From a pharmacy practice model perspective, I would say that we're partially keeping pace, but not consistently. Certainly, ambulatory care pharmacists are often practicing this way, particularly in team-based models, whether that's in the primary care office or a specialty clinic. But in community pharmacy and many health-system workflows, we need better infrastructure: access to lab results; the opportunity to engage in collaborative practice agreements or expand scope of practice to allow pharmacists to initiate and modify these drug therapies; and referral pathways—how do patients that could benefit from pharmacy services get to a pharmacist, and how is that care documented in a system that can be seen by the entire team? And then ultimately it comes down to a reimbursement model that can support this effort to provide longitudinal risk management rather than a one-time medication review. So the opportunity is enormous, but I do think that the model to support pharmacists at the top of their training is still evolving, and we still have work to do.
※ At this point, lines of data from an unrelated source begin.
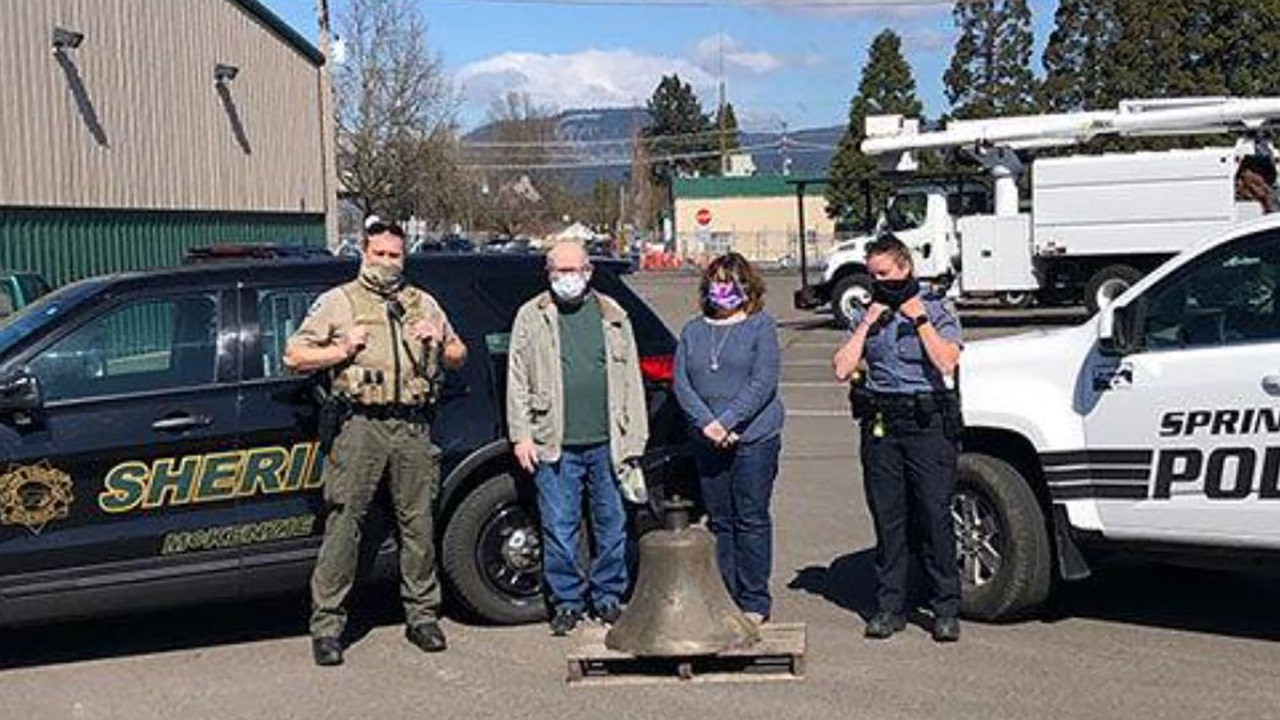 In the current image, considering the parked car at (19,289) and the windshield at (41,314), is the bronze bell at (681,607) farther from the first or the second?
the parked car at (19,289)

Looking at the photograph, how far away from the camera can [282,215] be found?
39156 mm

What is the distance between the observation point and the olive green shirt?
24.1 ft

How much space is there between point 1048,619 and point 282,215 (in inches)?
1320

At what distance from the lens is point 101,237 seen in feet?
86.9

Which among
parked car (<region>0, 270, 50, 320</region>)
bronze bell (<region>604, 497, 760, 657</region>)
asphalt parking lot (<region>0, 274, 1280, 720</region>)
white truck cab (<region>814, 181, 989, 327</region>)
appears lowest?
asphalt parking lot (<region>0, 274, 1280, 720</region>)

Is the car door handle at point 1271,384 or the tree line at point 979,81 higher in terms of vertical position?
the tree line at point 979,81

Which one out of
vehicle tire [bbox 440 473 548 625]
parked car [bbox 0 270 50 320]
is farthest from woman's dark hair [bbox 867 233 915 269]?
parked car [bbox 0 270 50 320]

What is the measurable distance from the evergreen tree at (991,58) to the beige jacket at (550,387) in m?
49.9

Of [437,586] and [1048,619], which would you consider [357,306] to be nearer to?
[437,586]

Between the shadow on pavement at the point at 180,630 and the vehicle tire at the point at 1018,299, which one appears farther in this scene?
the vehicle tire at the point at 1018,299

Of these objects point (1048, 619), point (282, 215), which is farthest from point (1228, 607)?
point (282, 215)

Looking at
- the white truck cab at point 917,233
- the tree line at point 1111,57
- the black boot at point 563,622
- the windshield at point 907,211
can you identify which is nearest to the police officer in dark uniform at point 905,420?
the black boot at point 563,622

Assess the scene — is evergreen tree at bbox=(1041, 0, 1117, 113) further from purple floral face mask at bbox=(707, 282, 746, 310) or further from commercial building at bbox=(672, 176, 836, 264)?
purple floral face mask at bbox=(707, 282, 746, 310)

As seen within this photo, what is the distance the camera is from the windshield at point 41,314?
7.06 metres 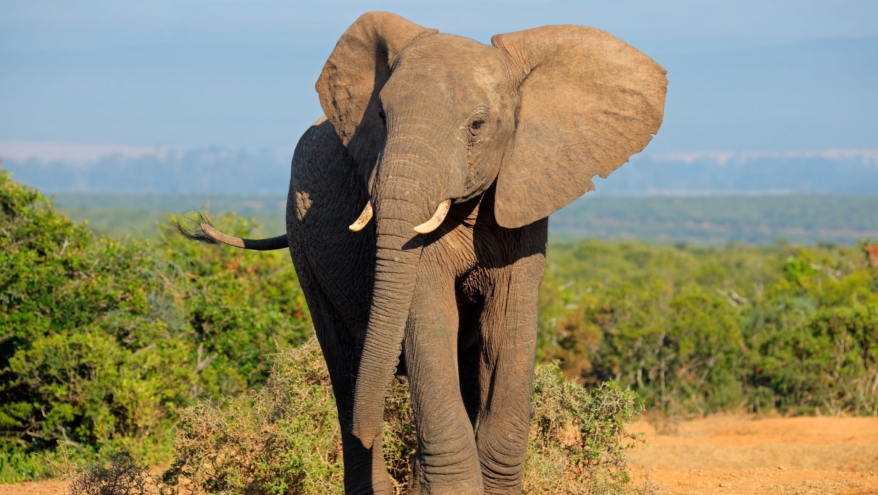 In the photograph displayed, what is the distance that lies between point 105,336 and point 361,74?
5.55m

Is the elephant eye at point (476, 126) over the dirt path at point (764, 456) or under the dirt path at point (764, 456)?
over

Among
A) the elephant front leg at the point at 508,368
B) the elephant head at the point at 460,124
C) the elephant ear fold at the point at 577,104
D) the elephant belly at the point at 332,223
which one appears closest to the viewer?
the elephant head at the point at 460,124

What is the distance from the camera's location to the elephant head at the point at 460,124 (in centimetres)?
470

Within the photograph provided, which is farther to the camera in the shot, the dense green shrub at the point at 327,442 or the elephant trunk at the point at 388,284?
the dense green shrub at the point at 327,442

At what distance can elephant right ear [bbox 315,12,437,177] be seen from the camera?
5.28 meters

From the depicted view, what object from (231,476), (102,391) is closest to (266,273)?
(102,391)

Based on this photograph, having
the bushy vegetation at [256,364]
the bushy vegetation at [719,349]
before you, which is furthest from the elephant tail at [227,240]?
the bushy vegetation at [719,349]

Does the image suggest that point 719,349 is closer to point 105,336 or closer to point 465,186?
point 105,336

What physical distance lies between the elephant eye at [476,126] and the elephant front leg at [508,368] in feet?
2.39

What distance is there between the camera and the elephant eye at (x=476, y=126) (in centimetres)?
482

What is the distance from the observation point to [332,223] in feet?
20.3

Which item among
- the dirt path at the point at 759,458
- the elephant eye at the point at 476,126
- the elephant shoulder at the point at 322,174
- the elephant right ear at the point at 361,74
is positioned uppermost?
the elephant right ear at the point at 361,74

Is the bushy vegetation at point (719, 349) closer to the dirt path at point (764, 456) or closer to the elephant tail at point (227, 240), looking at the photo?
the dirt path at point (764, 456)

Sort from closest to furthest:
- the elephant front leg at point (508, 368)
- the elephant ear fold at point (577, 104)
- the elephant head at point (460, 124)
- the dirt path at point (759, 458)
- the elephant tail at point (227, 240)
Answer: the elephant head at point (460, 124) → the elephant ear fold at point (577, 104) → the elephant front leg at point (508, 368) → the elephant tail at point (227, 240) → the dirt path at point (759, 458) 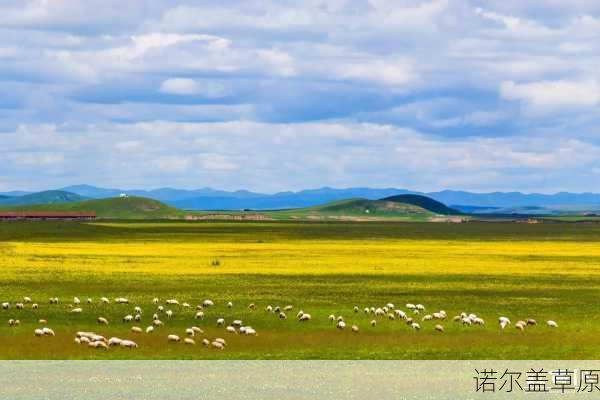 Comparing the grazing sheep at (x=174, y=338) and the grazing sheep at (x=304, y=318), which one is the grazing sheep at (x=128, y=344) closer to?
the grazing sheep at (x=174, y=338)

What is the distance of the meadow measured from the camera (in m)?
34.5

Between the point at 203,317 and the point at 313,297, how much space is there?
10196mm

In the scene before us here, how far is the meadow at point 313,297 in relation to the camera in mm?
34500

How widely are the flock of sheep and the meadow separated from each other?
1.04 ft

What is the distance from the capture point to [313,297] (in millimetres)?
51688

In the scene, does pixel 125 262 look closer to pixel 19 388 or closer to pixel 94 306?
pixel 94 306

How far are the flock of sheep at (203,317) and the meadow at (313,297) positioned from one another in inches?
12.4

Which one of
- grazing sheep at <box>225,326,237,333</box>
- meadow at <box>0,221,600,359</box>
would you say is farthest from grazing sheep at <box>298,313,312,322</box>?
grazing sheep at <box>225,326,237,333</box>

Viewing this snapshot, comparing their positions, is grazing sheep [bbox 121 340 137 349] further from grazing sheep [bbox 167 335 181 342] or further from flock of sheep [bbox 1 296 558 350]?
grazing sheep [bbox 167 335 181 342]

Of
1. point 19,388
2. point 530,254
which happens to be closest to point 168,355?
point 19,388

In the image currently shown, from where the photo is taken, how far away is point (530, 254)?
9925 centimetres

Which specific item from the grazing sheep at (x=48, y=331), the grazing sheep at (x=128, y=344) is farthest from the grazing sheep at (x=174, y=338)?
the grazing sheep at (x=48, y=331)

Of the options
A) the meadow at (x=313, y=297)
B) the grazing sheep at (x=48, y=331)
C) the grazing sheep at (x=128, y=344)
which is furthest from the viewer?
the grazing sheep at (x=48, y=331)

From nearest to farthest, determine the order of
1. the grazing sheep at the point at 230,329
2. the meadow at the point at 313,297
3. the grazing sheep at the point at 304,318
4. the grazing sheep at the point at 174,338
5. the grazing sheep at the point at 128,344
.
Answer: the grazing sheep at the point at 128,344, the meadow at the point at 313,297, the grazing sheep at the point at 174,338, the grazing sheep at the point at 230,329, the grazing sheep at the point at 304,318
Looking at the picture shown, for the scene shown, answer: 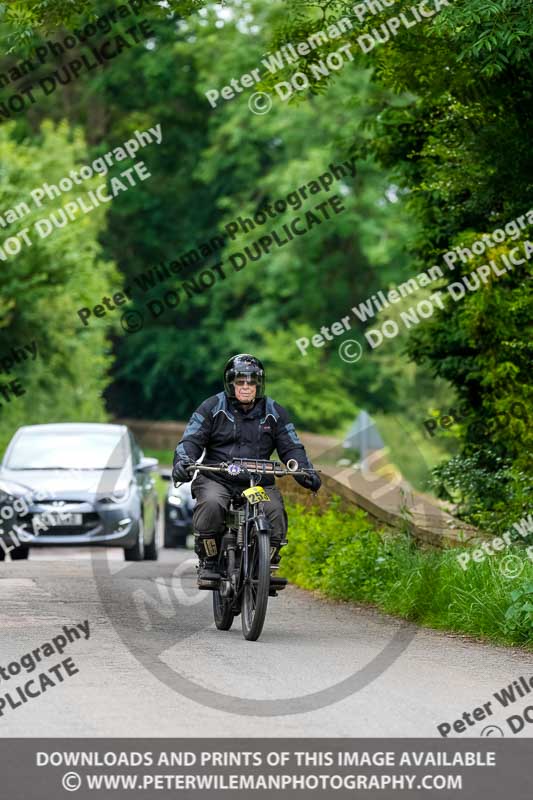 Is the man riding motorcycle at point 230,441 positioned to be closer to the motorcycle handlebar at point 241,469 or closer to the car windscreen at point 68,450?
the motorcycle handlebar at point 241,469

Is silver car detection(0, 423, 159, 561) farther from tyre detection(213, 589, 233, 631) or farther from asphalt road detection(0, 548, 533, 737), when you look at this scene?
tyre detection(213, 589, 233, 631)

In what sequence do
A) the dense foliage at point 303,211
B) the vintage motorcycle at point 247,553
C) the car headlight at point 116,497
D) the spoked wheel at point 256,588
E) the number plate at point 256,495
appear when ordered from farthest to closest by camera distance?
the car headlight at point 116,497
the dense foliage at point 303,211
the number plate at point 256,495
the vintage motorcycle at point 247,553
the spoked wheel at point 256,588

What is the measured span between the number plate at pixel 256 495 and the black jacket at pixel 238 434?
33 cm

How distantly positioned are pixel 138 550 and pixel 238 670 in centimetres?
1054

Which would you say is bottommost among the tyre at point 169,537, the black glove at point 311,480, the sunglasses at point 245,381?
the tyre at point 169,537

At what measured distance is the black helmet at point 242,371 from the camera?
38.5ft

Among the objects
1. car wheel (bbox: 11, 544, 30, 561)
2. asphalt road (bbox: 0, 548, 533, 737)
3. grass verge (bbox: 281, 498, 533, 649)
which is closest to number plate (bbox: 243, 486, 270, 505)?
asphalt road (bbox: 0, 548, 533, 737)

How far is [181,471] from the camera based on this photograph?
11523 millimetres

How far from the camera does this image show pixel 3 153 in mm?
37000

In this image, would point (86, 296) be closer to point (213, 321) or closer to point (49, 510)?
point (213, 321)

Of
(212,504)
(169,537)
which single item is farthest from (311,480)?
(169,537) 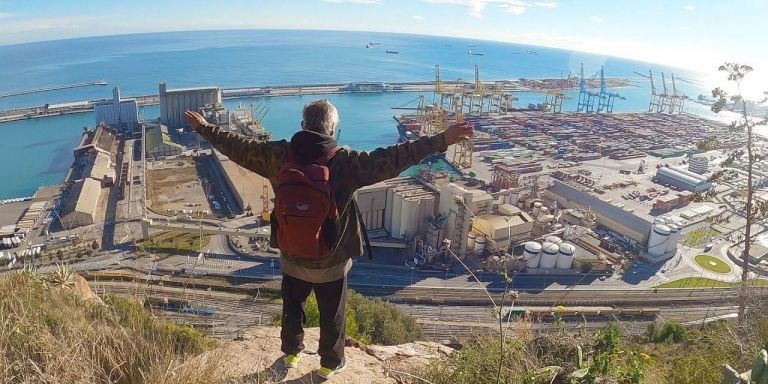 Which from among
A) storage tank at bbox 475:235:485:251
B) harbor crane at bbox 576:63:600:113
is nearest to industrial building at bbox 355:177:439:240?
storage tank at bbox 475:235:485:251

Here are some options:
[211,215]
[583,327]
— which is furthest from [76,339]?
[211,215]

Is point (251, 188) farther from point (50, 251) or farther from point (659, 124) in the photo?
point (659, 124)

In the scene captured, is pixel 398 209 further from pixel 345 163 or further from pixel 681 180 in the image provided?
pixel 681 180

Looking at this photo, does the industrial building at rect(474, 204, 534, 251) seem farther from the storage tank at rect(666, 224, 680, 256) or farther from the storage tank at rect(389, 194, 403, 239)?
the storage tank at rect(666, 224, 680, 256)

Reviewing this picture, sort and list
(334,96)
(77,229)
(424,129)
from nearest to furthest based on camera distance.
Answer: (77,229), (424,129), (334,96)

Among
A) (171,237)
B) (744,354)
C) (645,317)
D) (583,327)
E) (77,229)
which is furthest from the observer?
(77,229)

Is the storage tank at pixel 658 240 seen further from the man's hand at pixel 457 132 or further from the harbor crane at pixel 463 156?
the man's hand at pixel 457 132

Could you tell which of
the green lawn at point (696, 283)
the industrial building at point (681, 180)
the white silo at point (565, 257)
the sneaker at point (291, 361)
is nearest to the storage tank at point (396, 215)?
the white silo at point (565, 257)

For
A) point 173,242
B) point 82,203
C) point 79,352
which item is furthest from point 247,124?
point 79,352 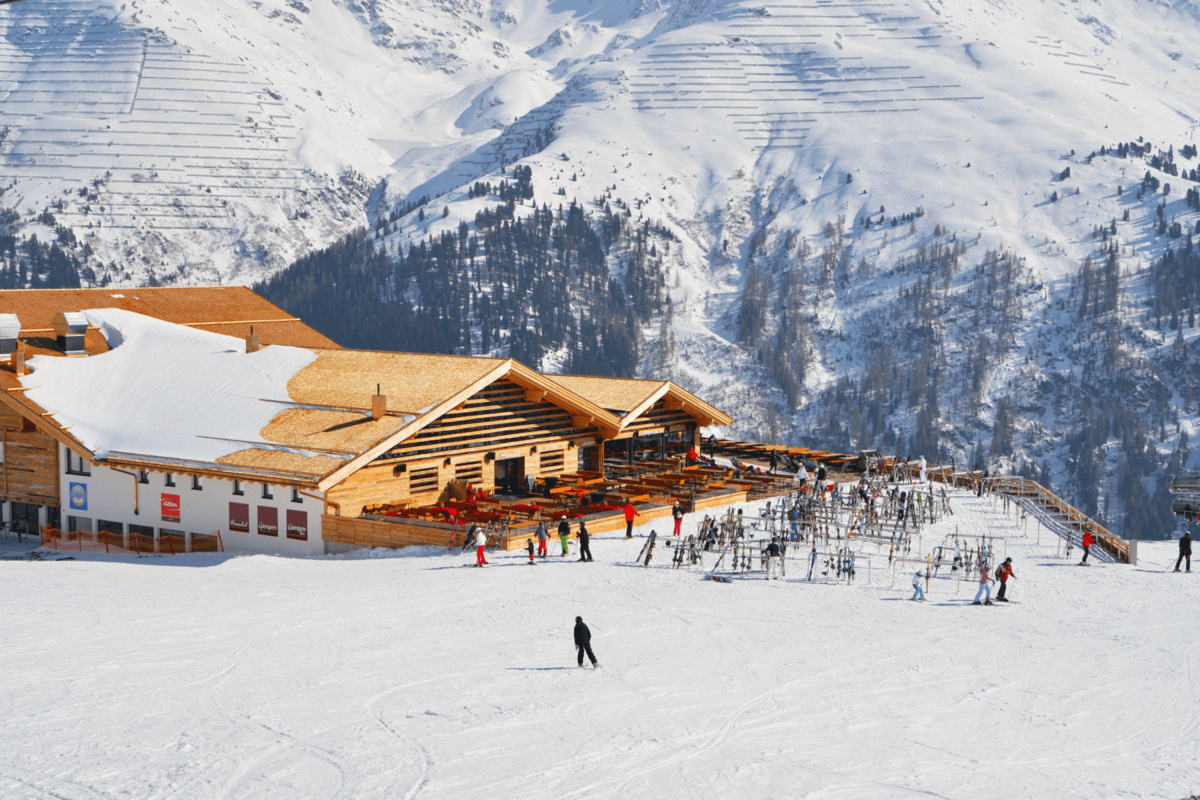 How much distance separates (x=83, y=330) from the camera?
143 ft

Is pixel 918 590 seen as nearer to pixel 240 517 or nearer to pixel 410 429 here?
pixel 410 429

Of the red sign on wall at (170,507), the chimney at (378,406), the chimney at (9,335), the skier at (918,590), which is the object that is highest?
the chimney at (9,335)

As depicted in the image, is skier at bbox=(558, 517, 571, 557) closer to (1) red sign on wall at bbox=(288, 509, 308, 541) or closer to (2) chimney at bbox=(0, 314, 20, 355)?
(1) red sign on wall at bbox=(288, 509, 308, 541)

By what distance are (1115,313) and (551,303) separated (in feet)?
303

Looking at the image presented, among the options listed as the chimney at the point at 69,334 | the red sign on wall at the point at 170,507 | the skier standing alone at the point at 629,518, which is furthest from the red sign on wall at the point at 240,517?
the chimney at the point at 69,334

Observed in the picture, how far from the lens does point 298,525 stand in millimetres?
33656

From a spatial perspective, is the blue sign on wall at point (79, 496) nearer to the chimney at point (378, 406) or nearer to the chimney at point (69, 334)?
the chimney at point (69, 334)

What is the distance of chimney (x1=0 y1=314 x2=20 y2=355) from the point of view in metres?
40.9

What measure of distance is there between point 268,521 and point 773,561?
14.9m

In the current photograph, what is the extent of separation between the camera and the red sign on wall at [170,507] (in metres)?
36.1

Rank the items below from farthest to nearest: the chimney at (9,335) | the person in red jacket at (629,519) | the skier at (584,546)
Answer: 1. the chimney at (9,335)
2. the person in red jacket at (629,519)
3. the skier at (584,546)

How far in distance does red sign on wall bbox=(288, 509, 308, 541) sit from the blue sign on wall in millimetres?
9167

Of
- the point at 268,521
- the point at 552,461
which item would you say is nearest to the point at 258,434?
the point at 268,521

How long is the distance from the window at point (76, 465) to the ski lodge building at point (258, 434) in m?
0.05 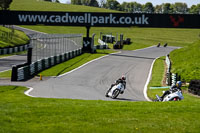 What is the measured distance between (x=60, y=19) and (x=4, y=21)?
23.2 ft

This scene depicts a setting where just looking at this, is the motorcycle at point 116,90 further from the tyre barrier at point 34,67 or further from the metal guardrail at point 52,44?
the metal guardrail at point 52,44

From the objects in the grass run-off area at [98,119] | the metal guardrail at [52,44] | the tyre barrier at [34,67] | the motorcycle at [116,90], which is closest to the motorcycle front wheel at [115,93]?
the motorcycle at [116,90]

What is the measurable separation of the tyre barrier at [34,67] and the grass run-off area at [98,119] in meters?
14.6

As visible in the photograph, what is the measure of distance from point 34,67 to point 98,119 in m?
20.9

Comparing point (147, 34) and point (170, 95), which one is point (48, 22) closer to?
point (170, 95)

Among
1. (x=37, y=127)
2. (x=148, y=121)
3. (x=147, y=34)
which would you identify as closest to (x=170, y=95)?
(x=148, y=121)

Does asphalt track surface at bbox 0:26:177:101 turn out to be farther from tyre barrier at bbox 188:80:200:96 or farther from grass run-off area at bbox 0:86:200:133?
grass run-off area at bbox 0:86:200:133

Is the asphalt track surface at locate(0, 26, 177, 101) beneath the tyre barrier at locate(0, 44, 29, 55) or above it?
beneath

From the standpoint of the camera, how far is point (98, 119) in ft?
32.2

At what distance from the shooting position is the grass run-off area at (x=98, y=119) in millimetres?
8832

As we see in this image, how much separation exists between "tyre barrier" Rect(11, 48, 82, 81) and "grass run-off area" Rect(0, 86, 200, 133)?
1463 centimetres

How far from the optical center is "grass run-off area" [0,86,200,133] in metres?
8.83

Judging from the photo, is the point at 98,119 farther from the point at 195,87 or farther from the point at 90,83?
the point at 90,83

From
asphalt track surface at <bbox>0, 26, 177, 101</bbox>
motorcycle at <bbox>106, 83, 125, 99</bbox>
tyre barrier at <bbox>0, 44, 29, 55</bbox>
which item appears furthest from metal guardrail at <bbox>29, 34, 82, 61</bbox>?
motorcycle at <bbox>106, 83, 125, 99</bbox> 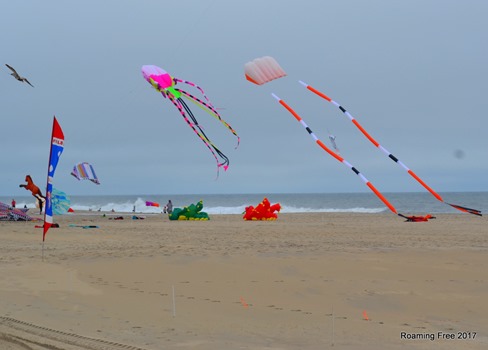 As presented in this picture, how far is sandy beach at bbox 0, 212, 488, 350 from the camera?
6410mm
Pharmacy Times: For pharmacists attending your symposium who work in community, ambulatory care, or health-system settings, what is the single most actionable takeaway you want them to leave with when it comes to cardiovascular risk management in patients with diabetes?
Dixon: I would say that the single most actionable takeaway is don’t let a controlled A1C stop you from assessing cardiovascular and kidney risk and implementing these evidence-based therapies to further reduce that risk. I think that that's been happening for some time, but with the more recent evidence—especially in terms of improving outcomes in patients with heart failure who have diabetes, as well as improving kidney outcomes—we really have to double down on our efforts. And I think, to me, that's where, again, pharmacists just have a tremendous opportunity. It changes that conversation away from simple glucose management to thinking about event prevention, which is ultimately what we want for our patients—and I think our patients want that outcome as well.